[Distutils] bdist_wininst compatibility with pythons and windows versions
Mark Hammond
mhammond at skippinet.com.au
Fri Jun 11 12:01:55 CEST 2010
On 11/06/2010 6:43 PM, anatoly techtonik wrote:
> On Mon, Jun 7, 2010 at 10:01 AM, Mark Hammond<skippy.hammond at gmail.com> wrote:
>
> build_wininst code [1] function get_exe_bytes() used to fetch
> appropriate stub, doesn't seem to be cross-platform.

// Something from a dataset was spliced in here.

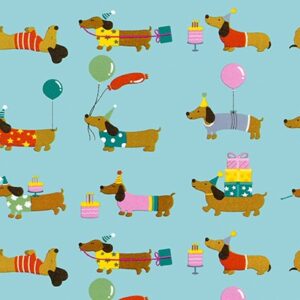 Secare Rolle "dogs", 70cm x L:200m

Sorry, I must have misunderstood the original question - I was assuming
the question was regarding using Windows to generate Windows installers,
but for versions of Python other than the version being used to create
the installer.
> More than that -
> generated installer depends on specific version of MSVC compiler that
> was used to compile Python. So it seems that there is no compatibility
> even between one Python version.
That is correct - you can't generate a single exe that works on all
Python versions. However, you can use an arbitrary version of Python to
create an installer for a different arbitrary version of Python. This
is what pywin32 does - it uses Python 2.6/2.7 to create installers for
Python 2.3 -> 2.7 - this results in multiple installers, but they are
all created using a single python version.
The thorn in all this is related to the build process of the extensions
- even though Python 2.6 can be used to create all the *installers*,
they can't be used to build the individual components inside the
installer. ie, the process pywin32 uses for, eg, Python 2.3 is:
% python-2.3 setup.py build
% python-2.6 setup,py bdist_wininst --target-version=2.3
and the only reason this is done is that the bdist_wininst command in
Python 2.6 has enhancements which aren't in 2.3, and the technique above
allows me to take advantage of those features in those older versions.

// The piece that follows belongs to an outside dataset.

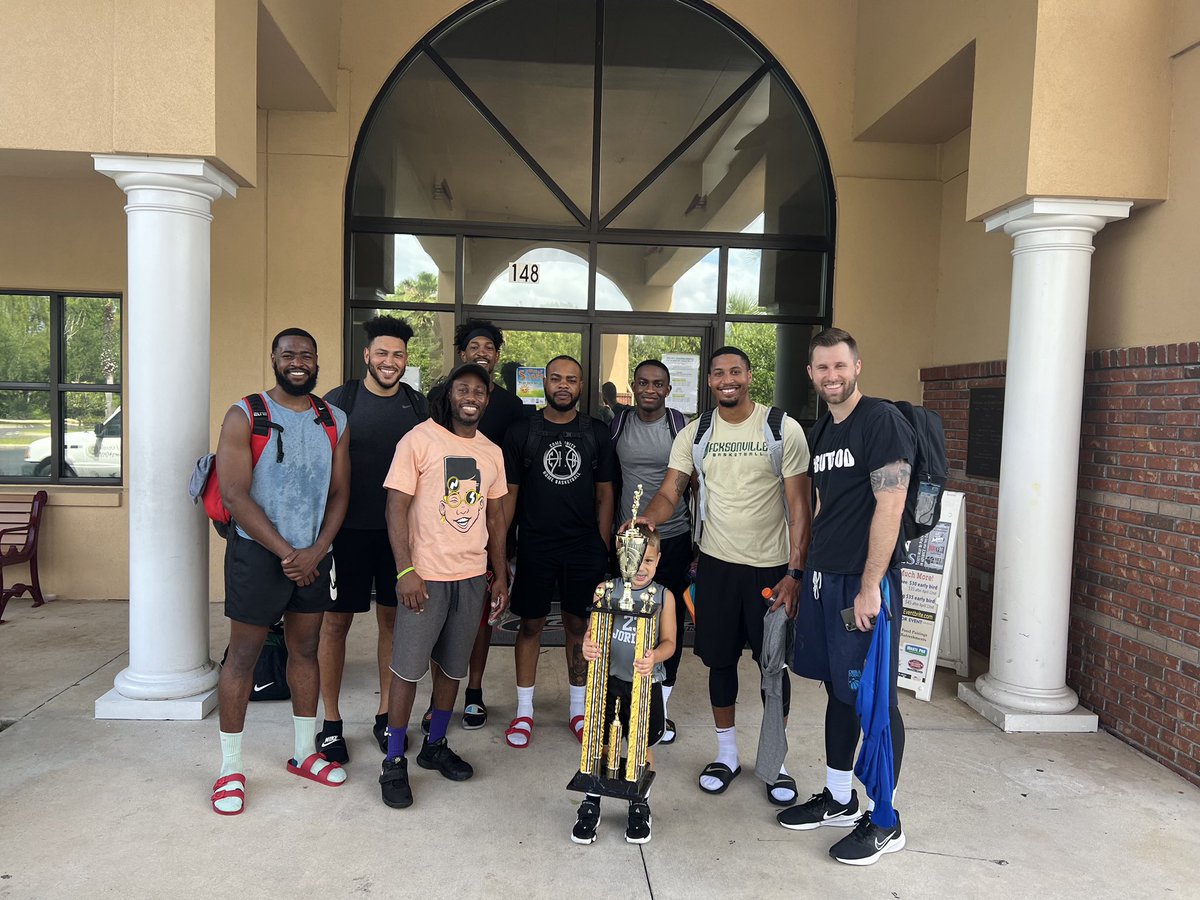 The only trophy we chase <a href="/OviedoRecNParks/">City of Oviedo Rec and Parks</a> Adult League Champs !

> In addition bdist_wininst generates spurious warning about missing
> "necessary compiler setting" when run on Linux with an instruction to
> make sure win32* modules are installed (which are of course not). Even
> if wininst is strictly windows bdist, the generated .exe contains
> 'linux' suffix. Given all the above it doesn't really seem that
> generated installer should work on windows at all. Not even speaking
> about compatibilities between Python versions or OS versions. Clearly
> that folks generating installers on Linux doesn't have any way to
> check this compatibility, so they use an older version that has all
> sorts of problems with Windows UAC [3].
Right - but I think this problem can be considered a bug in distutils
rather than an inherent limitation - but in practice you are correct
that the inability to build the C components used in the installer means
that in practice this really isn't cross-platform.